Using the \(\epsilon \)-\(\delta \) Definition of a Limit

Prove that if \(\lim\limits_{x\rightarrow c}f(x)\gt0\), then there is an open interval around \(c\), for which \(f(x)\gt0\) everywhere in the interval except possibly at \(c\).
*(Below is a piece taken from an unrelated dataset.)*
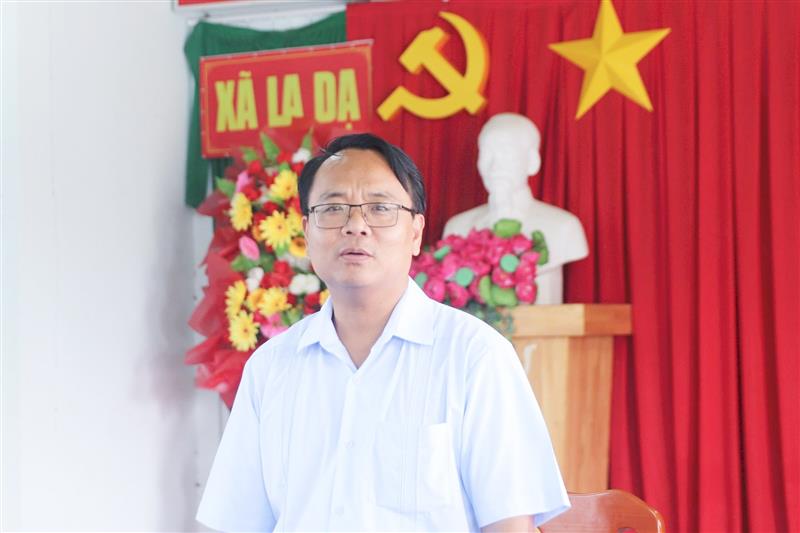 Đồng chí Đặng Hồng Sỹ phát biểu chỉ đạo tại buổi làm việc với xã La Dạ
Solution Suppose \(\lim\limits_{x\rightarrow c}f(x)=L\gt0\). Then given any \(\epsilon \gt0\), there is a \(\delta \gt0\) so that \begin{equation*} \hbox{whenever }\quad 0\lt\vert x-c\vert \lt\delta \qquad \hbox{ then}\quad \vert f(x)-L\vert \lt\epsilon \ \end{equation*}

If \(\epsilon =\dfrac{L}{2}\), then from the definition of limit, there is a \(\delta \gt0\) so that \begin{equation*} \hbox{whenever } 0\lt\vert x-c\vert \lt\delta\quad \hbox{ then } \vert f(x)-L\vert \lt\dfrac{L}{2}\quad \hbox{ or equivalently, } \dfrac{L}{2}\lt f(x)\lt\dfrac{3L}{2} \end{equation*} Since \(\dfrac{L}{2}\gt0\), the last statement proves our assertion that \(f(x)\gt0\) for all \(x\) in the interval \((c-\delta ,c+\delta)\).